CULTURE- ART FEATURE- Magic moments: McDonald elevates the ordinary



Years ago, when I spent a Chicago summer cataloguing the Harris Bank archives, my boss would occasionally ask me to help his secretary stuff envelopes. The secretary and I, both in our mid-20s, discovered we had a lot in common. To stave off tedium, we'd talk about guys, but our preferences diverged– as an African American, she said she preferred "blue black" men and detested "rust" between the fingers. I had no idea what she meant, which made her laugh. It was a black thing, but she helped me understand.

That memory came back to me as I looked at Chicago-based photographer Cecil McDonald Jr.'s exhibition, "Domestic Scenes, Imaginary Play," currently on view at Second Street Gallery. His large, carefully constructed digital images explore everyday moments in an African-American family, presenting scenes at once intimate and universal, specific yet familiar. 

Using his own family as actors, McDonald re-composes activities all viewers recognize— changing sheets, standing in front of the bathroom mirror, a daughter-father argument in the car— and refines them with tender attention to the textures and colors of black hair and skin. He also includes several specifically African-American experiences, such as working through a little girl's hair with a hot comb.

Drawing inspiration from classical Dutch painting, McDonald's palette and meticulous lighting are dazzling. Rembrandt red, along with ochre, orange, violet, and blue, elevates his images from the realm of the mundane. Although the staging and lighting call to mind Gregory Crewdson's aesthetic, McDonald's approach illuminates the overlooked beauty of the everyday rather than the possibility of the fantastic.

Several of the exhibition's 13 images humorously explore generational issues. In "1200 Meditations, Things My Mother Gave Me," a little girl wearing a red shirt, white undershirt, and blue jeans on the left, prepares to put a record on a 1970s-era turntable atop an ornate white column. In the right foreground, another girl delicately holds a red-centered vinyl disc at eye level, examining it like a sacred relic, while behind her the Medusa-like head on the cover of Funkadelic's Maggot Brain screams from the couch.

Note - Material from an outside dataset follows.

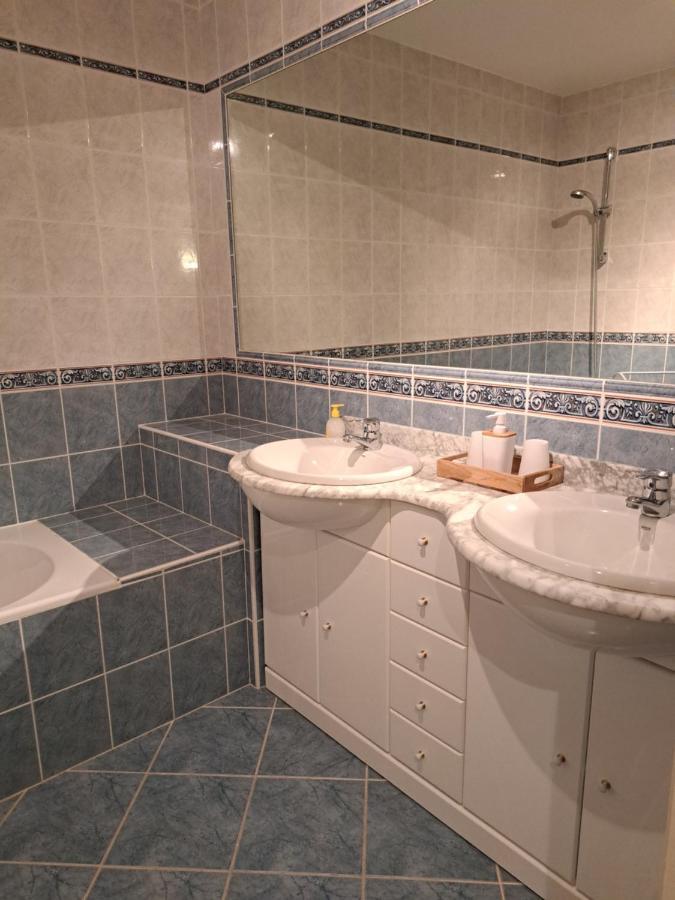 לינה וארוחת בוקר Montigny-la-Resle Chambre D'Hotes Le Val Du Chapelain מראה חיצוני תמונה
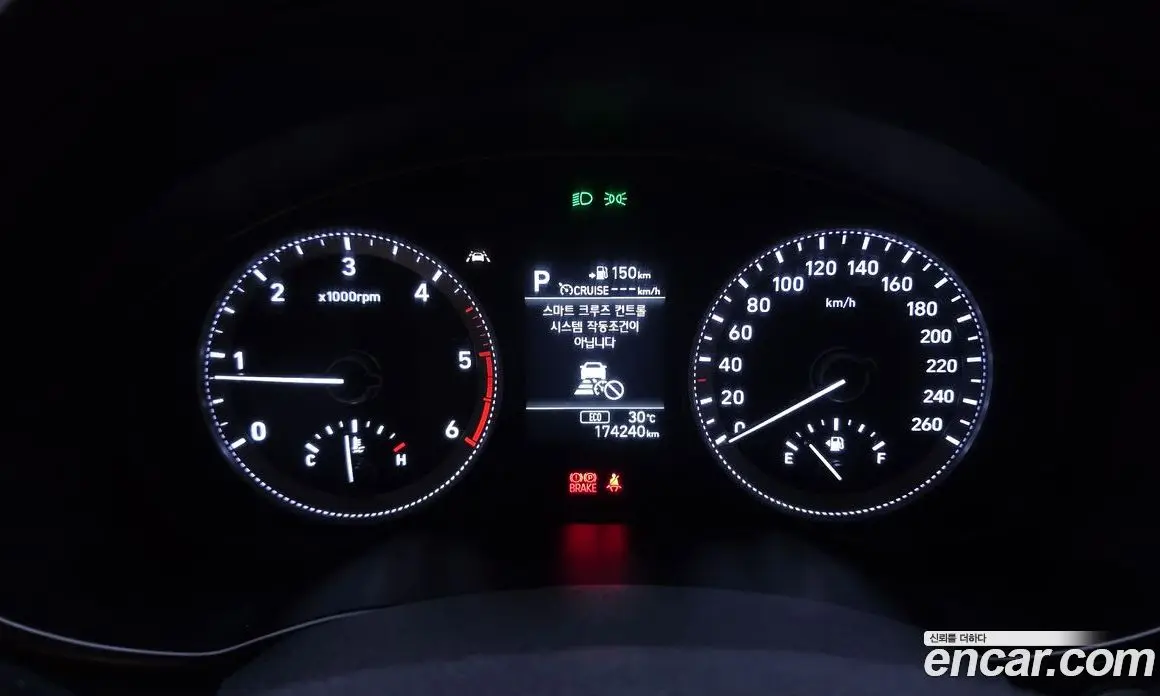 Hyundai Grandeur 2018 2.2 автомат (гидро), фото 8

Less compelling are McDonald's photographs that imagine his daughters' secret hideaway in an abandoned building. Though technically beautiful, these images lack the emotional connectivity of his domestic explorations. In the latter, his skill with color and composition reveals the richness of ordinary moments and enables McDonald to use universal understanding to celebrate aspects of blackness.